Every record below needs to be set down exactly. Pictures do not belong in the copy.

• • • • •

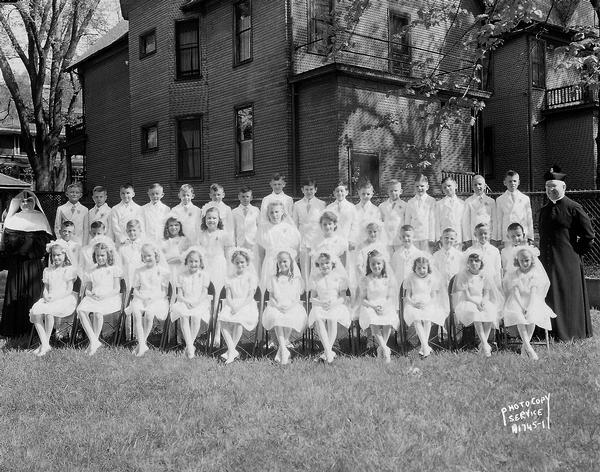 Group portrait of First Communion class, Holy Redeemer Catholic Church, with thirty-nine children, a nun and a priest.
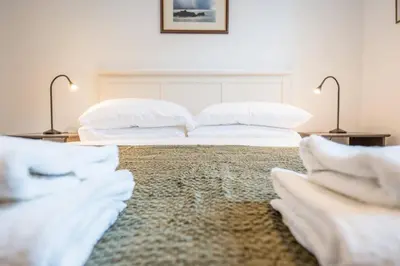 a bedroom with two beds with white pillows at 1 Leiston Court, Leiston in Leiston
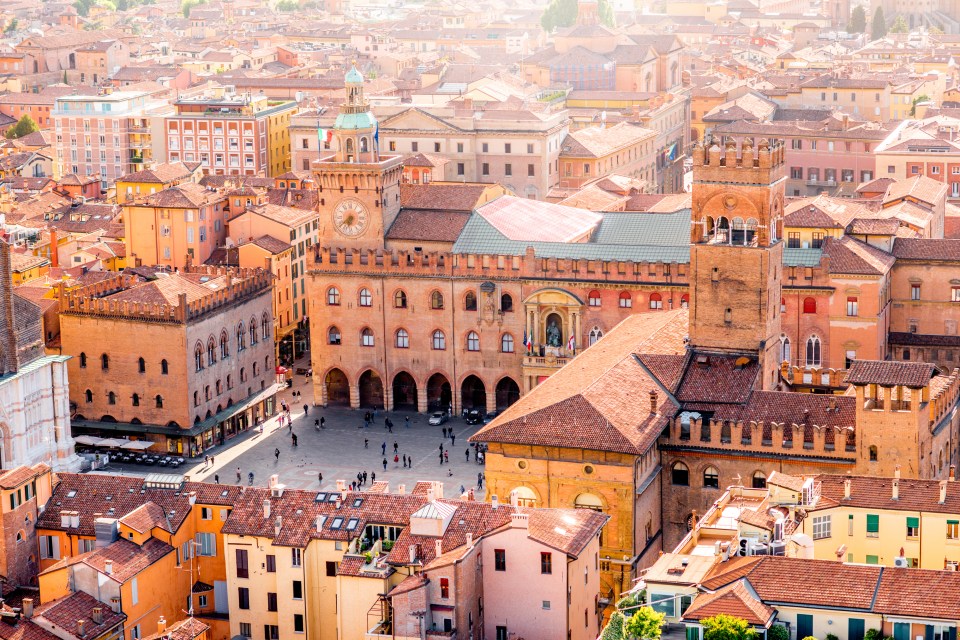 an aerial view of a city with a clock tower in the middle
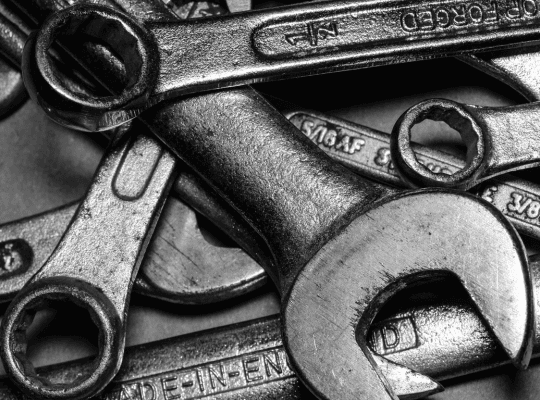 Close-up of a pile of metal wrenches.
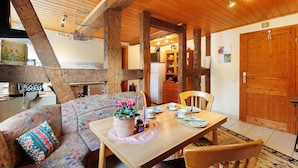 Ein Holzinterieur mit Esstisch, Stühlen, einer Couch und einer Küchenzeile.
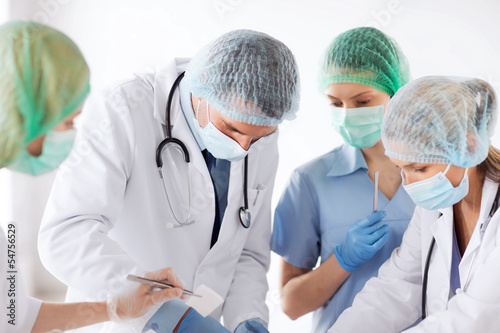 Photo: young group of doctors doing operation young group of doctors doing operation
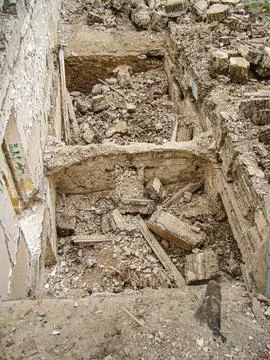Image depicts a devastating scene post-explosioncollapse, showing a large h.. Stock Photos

• • • • •

Answer space =
 Group portrait of First Communion class, Holy Redeemer Catholic Church, with thirty-nine children, a nun and a priest.
 a bedroom with two beds with white pillows at 1 Leiston Court, Leiston in Leiston
 an aerial view of a city with a clock tower in the middle
 Close-up of a pile of metal wrenches.
 Ein Holzinterieur mit Esstisch, Stühlen, einer Couch und einer Küchenzeile.
 Photo: young group of doctors doing operation young group of doctors doing operation
Image depicts a devastating scene post-explosioncollapse, showing a large h.. Stock Photos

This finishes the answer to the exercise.